Formally, Ocean's Eleven is as mechanical as they come. Soderbergh cheerily leads us through quick introductions of all of the major characters as the team is assembled, and them proceeds with the intricate planning and assorted tensions among the various team members. The biggest tension of all is that Ocean's main reason for robbing the casinos is that they are all owned by malicious high-roller Harry Benedict (Andy Garcia), who happens to be involved with Ocean's ex-wife, Tess (Julia Roberts). It is one of the movie's more strained contrivances that the big heist is ultimately not about money, but somehow about Ocean's wanting to impress Tess so much that she drops her billionaire boyfriend and gets back with him (he's a true romantic at heart, the kind who continues wearing his shiny wedding ring even after the divorce papers arrive).

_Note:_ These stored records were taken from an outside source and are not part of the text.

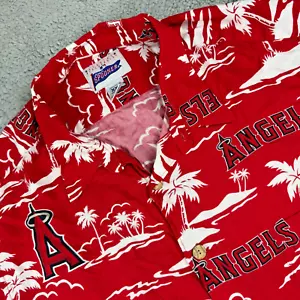 Reyn Spooner Shirt Mens 2XL Red White Rayon Hawaiian Aloha Los Angeles Angels - Picture 1 of 8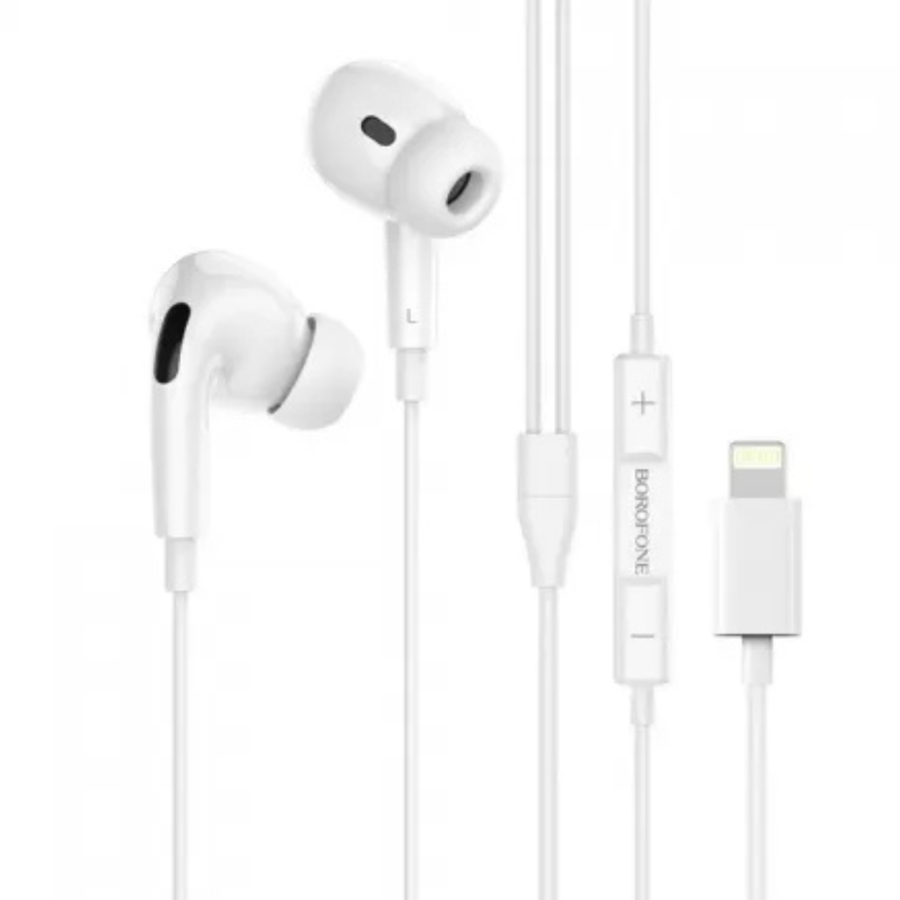 Oferte la Casti Cu Fir BM30 Lightning 1.2m Cu Microfon Alb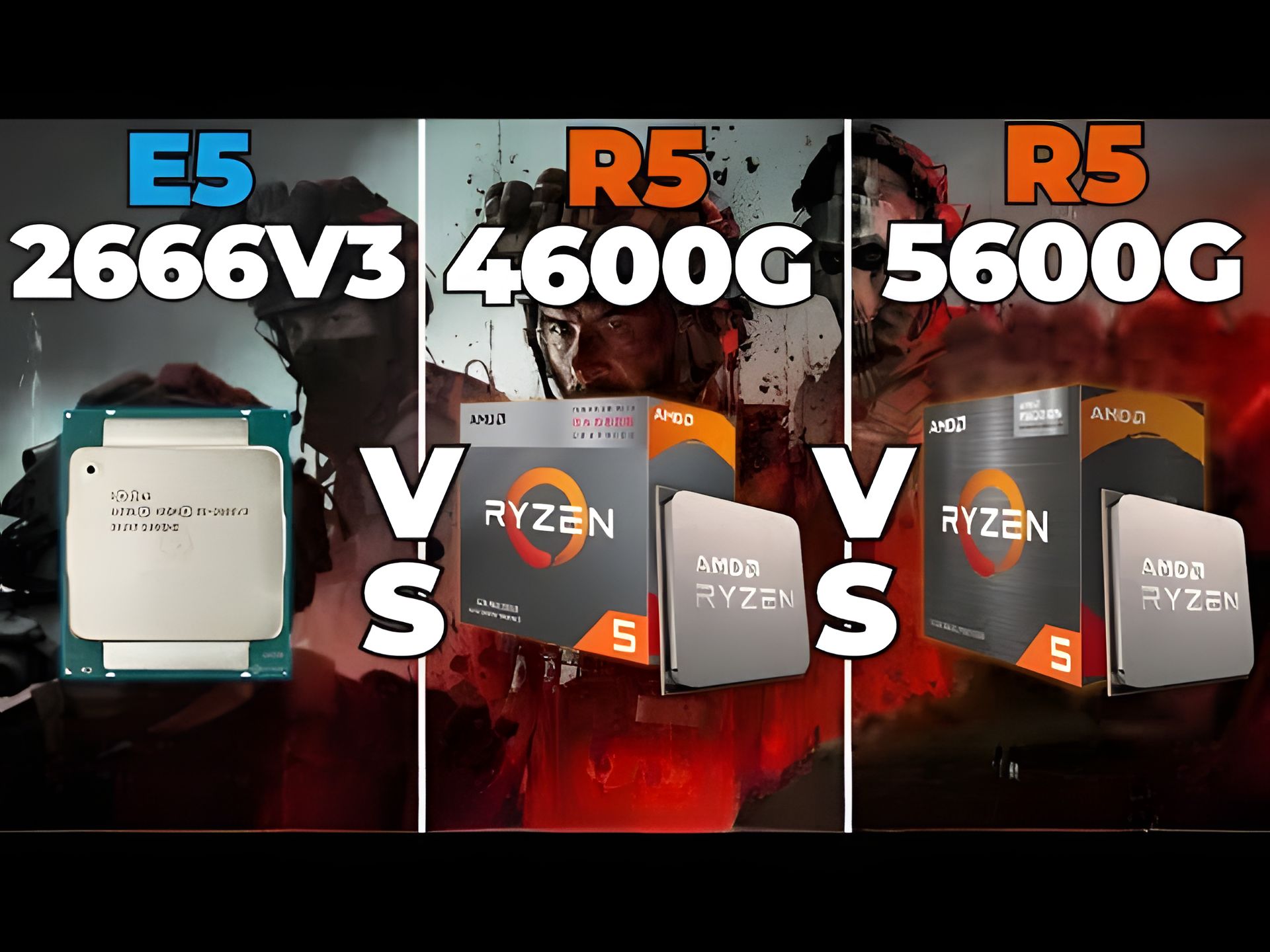 xeon e5 2666 v3 vs ryzen 5 4600g vs ryzen 5 5600g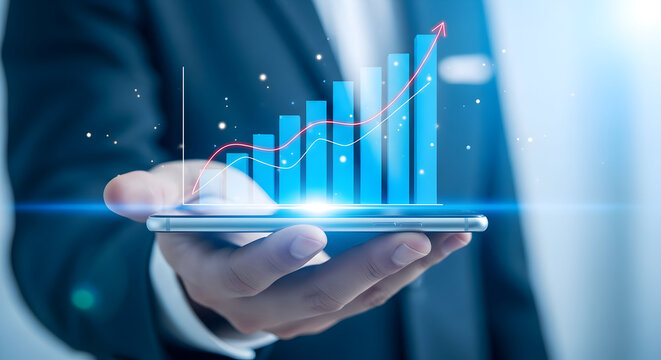 Closeup of a hand holding a smartphone with a rising bar graph and arrow, representing business growth and success
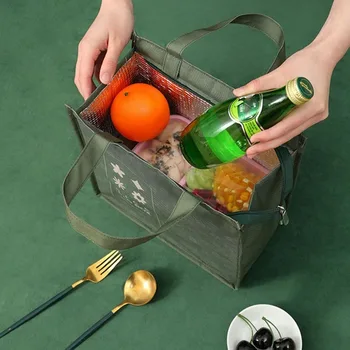 Сумка для продуктов большой емкости для кемпинга на открытом воздухе, повседневная сумка, сумка-холодильник для еды и напитков, ланч-бокс, холщовая сумка, органайзер для ланча, сумка для ланча
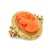 Late 19th Century Victorian Hand-Carved Mediterranean Coral Cameo Brooch in 14k Gold With Seed Pearls For Sale - Image 4 of 13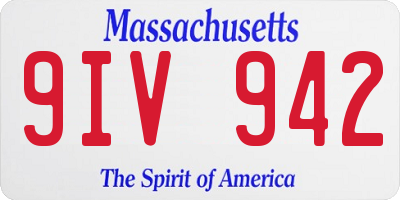 MA license plate 9IV942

Yet, as mechanical as the narrative is, Soderbergh is always there to liberate it with jazzy riffs on '70s cinema techniques like split-screen, sped-up motion, wipe transitions, and a pulsating bass rhythm on the soundtrack. He never gets overly showy, but his retro tendencies do stand out enough to give the movie a distinct tone that plays into the comedy. It's not so much a movie about a heist as it is a movie about movies about heists, which is interesting in that there have already been two high-profile, old-school heist movies this year (Frank Oz's The Score and David Mamet's Heist), both of which played with the material straight.

Ocean's Eleven is filled with all kinds of allusions to the world of entertainment, from sleazy Vegas strip-tease acts to the tense suspense theatrics of Mission: Impossible. At one point, Soderbergh turns spurting water fountains into a slow-motion fetish object that probably would have made Alfred Hitchcock chuckle. He also slips in several sly sight gags, including one of Don Cheadle captivated by the sight of the Desert Inn being demolished on TV while we see the building coming down in the window right behind him.

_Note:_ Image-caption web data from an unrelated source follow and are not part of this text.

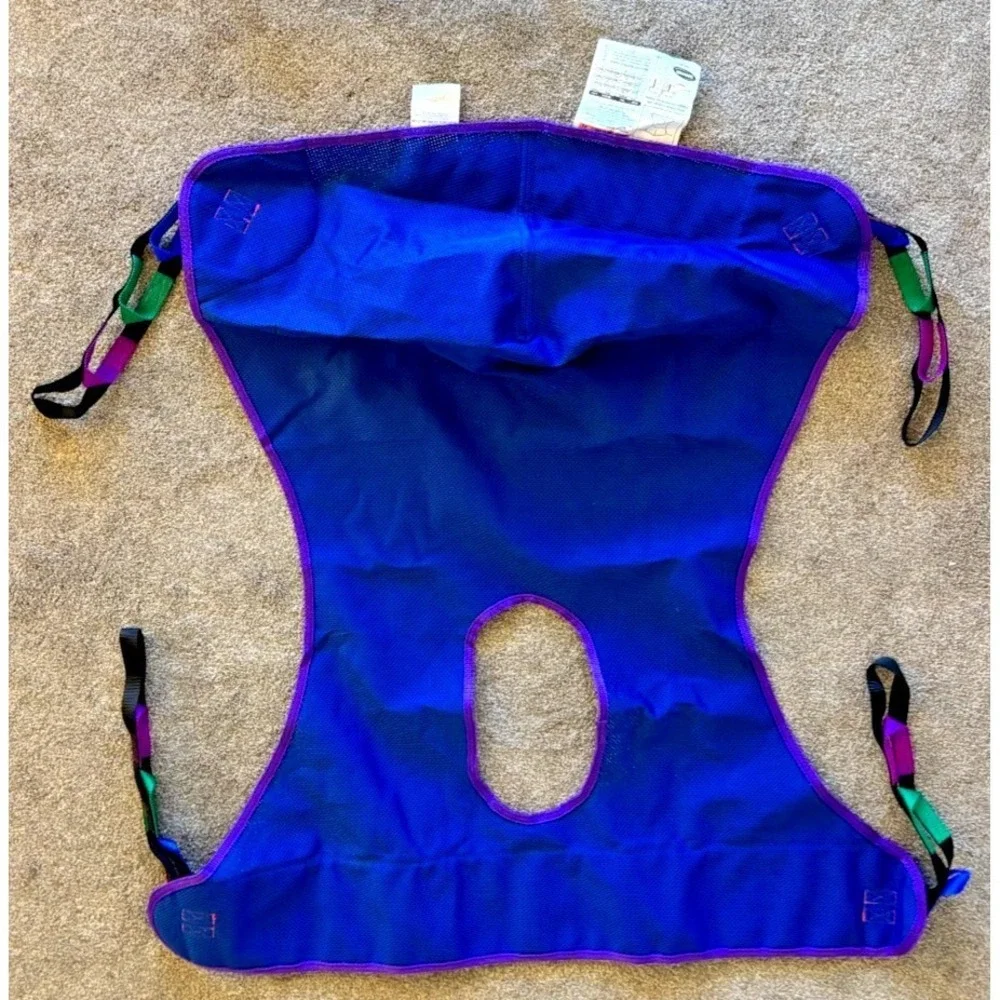 Invacare R114 Full Body Sling Commode Opening Patient Lift Medium Blue Purple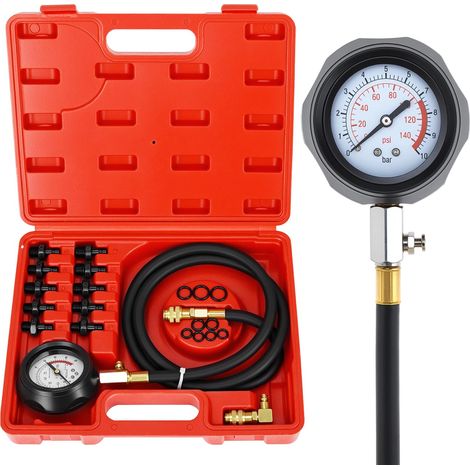 Manomètre d'huile, testeur de pression d'huile pour cylindre moteur 140 PSI / 10 bar avec 10 adaptateurs, idéal pour voitures, motos et tracteurs (1/5)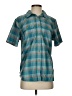 Duluth Trading Co. Plaid Teal Short Sleeve Button-Down Shirt Size S - photo 1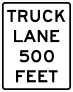 Truck Lane 500 Feet Sticker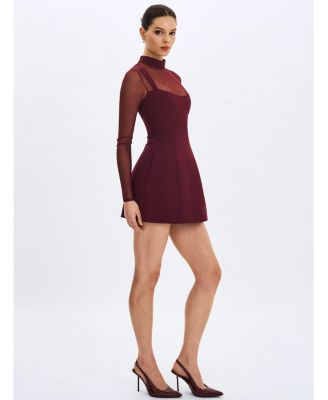 Women's Natasha Burgundy Faux Two-Piece Turtleneck Mini Dress
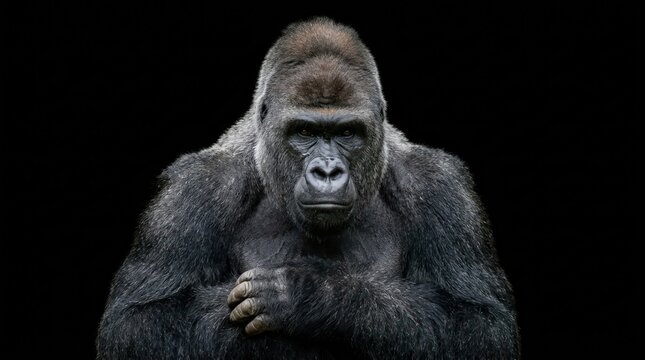 Gorilla Portrait Against Dark Background Studio.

All the actors are game for this approach, and Soderbergh manages to allows each one to shine in his or her own way, whether that be Carl Reiner's character putting on an elaborate ruse as a European businessman, or Elliot Gould's high-pitched, hairy-chested Las Vegas caricature, or George Clooney's ultra-confident hipster criminal, so cool that he can throw out a line like "Ted Nugent called and he wants his shirt back" and make it work. The only failing, surprisingly enough, is Julia Roberts' turn as Tess. It's not Robert fault, however; her lack of presence is the result of her playing a prize to be won, rather than a person.

After wining the Best Director Oscar for Traffic (2000), many were probably thinking that Soderbergh would bury himself deep into "serious artistry," one of the great traps of those who win the award and begin taking themselves too seriously. Luckily, when he won the Oscar, Soderbergh was already well into the production of Ocean's Eleven, which is an example of what he does best: taking well-worn genres and kicking new life into them. Soderbergh is an expermentialist, but at heart he's a movie-maker who can make even the most routine project hum. Ocean's Eleven may not be a masterpiece of genre resuscitation, but only Sinatra fans would argue that it's not a better movie than the original.